Update docs & formatting

IgorSwat · IgorSwat · commit 377f6596b7a7 · 2026-03-09T10:11:12.000+01:00
diff --git a/.cspell-wordlist.txt b/.cspell-wordlist.txt
@@ -127,3 +127,4 @@ detr
 metaprogramming
 ktlint
 lefthook
+espeak
diff --git a/docs/docs/03-hooks/01-natural-language-processing/useTextToSpeech.md b/docs/docs/03-hooks/01-natural-language-processing/useTextToSpeech.md
@@ -82,17 +82,24 @@ You need more details? Check the following resources:
 
 ## Running the model
 
-The module provides two ways to generate speech:
+The module provides two ways to generate speech using either raw text or pre-generated phonemes:
 
-1.  [**`forward(text, speed)`**](../../06-api-reference/interfaces/TextToSpeechType.md#forward): Generates the complete audio waveform at once. Returns a promise resolving to a `Float32Array`.
+### Using Text
+
+1.  [**`forward({ text, speed })`**](../../06-api-reference/interfaces/TextToSpeechType.md#forward): Generates the complete audio waveform at once. Returns a promise resolving to a `Float32Array`.
+2.  [**`stream({ text, speed, onNext, ... })`**](../../06-api-reference/interfaces/TextToSpeechType.md#stream): An async generator that yields chunks of audio as they are computed. This is ideal for reducing the "time to first audio" for long sentences.
+
+### Using Phonemes
+
+If you have pre-computed phonemes (e.g., from an external dictionary or a custom G2P model), you can skip the internal phoneme generation step:
+
+1.  [**`forwardFromPhonemes({ phonemes, speed })`**](../../06-api-reference/interfaces/TextToSpeechType.md#forwardfromphonemes): Generates the complete audio waveform from a phoneme string.

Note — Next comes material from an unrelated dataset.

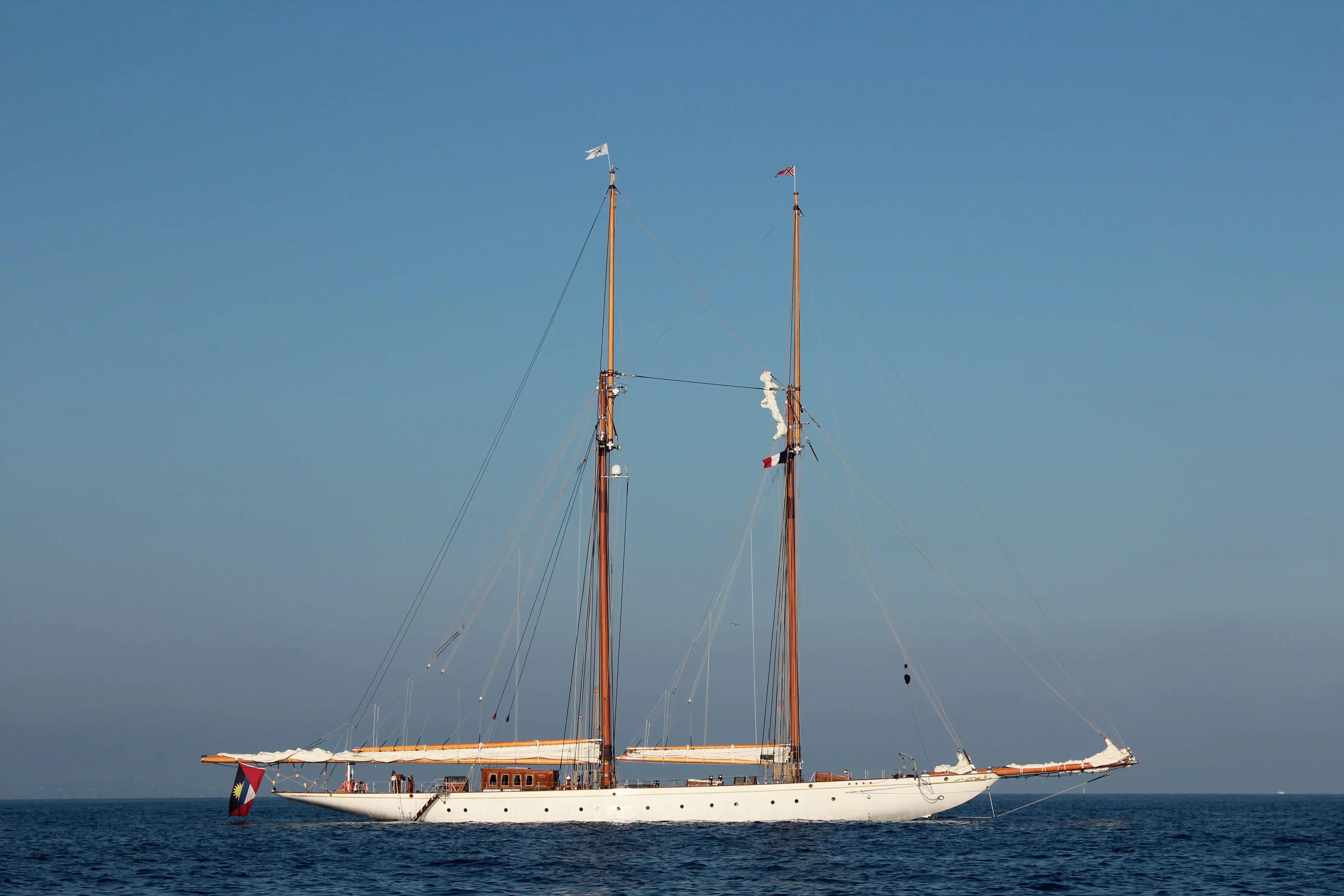 Factoria Naval de Marin Custom Built Schooner For Sale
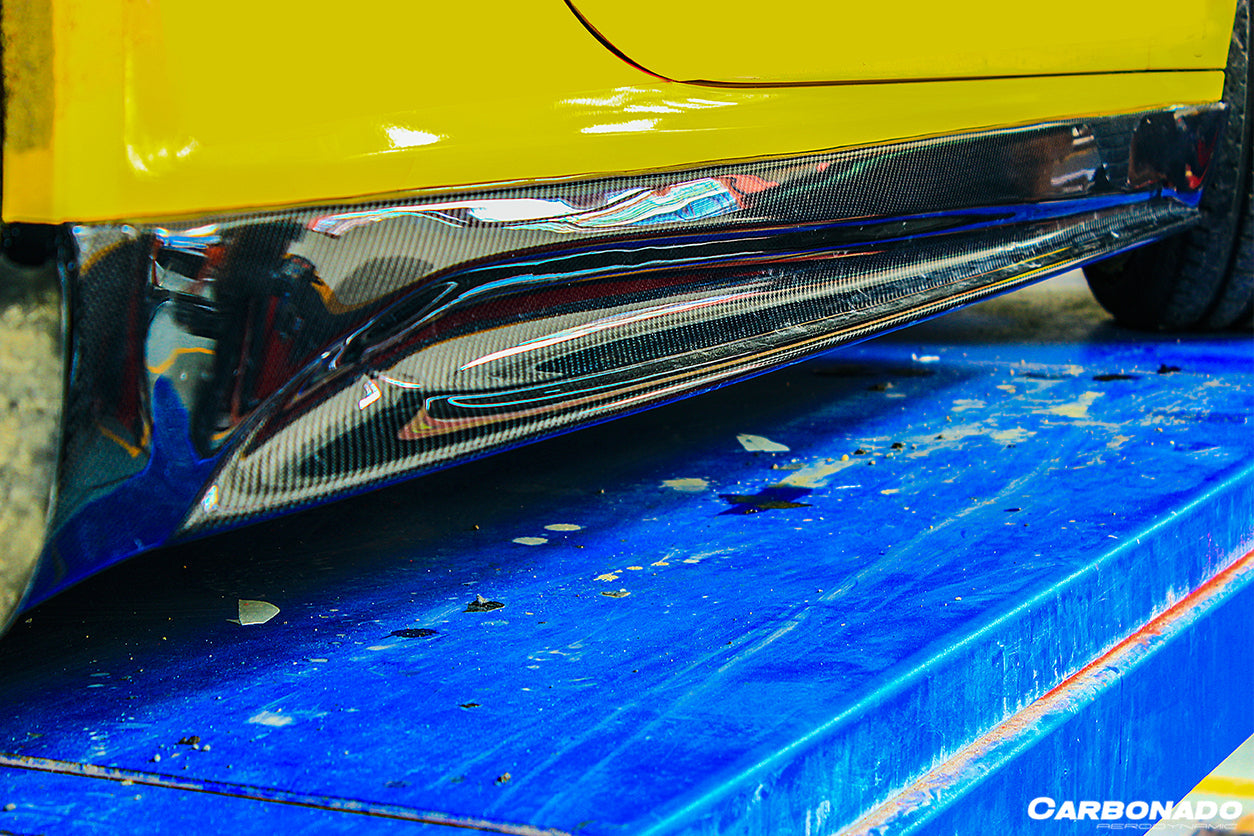 2012 - 2015 Porsche 911 991.1 Carrera/S VRS Style Side Skirts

+2.  [**`streamFromPhonemes({ phonemes, speed, onNext, ... })`**](../../06-api-reference/interfaces/TextToSpeechType.md#streamfromphonemes): Streams audio chunks generated from a phoneme string.
 
 :::note
-Since it processes the entire text at once, it might take a significant amount of time to produce an audio for long text inputs.
+Since `forward` and `forwardFromPhonemes` process the entire input at once, they might take a significant amount of time to produce audio for long inputs.
 :::
 
-2.  [**`stream({ text, speed })`**](../../06-api-reference/interfaces/TextToSpeechType.md#stream): An async generator that yields chunks of audio as they are computed.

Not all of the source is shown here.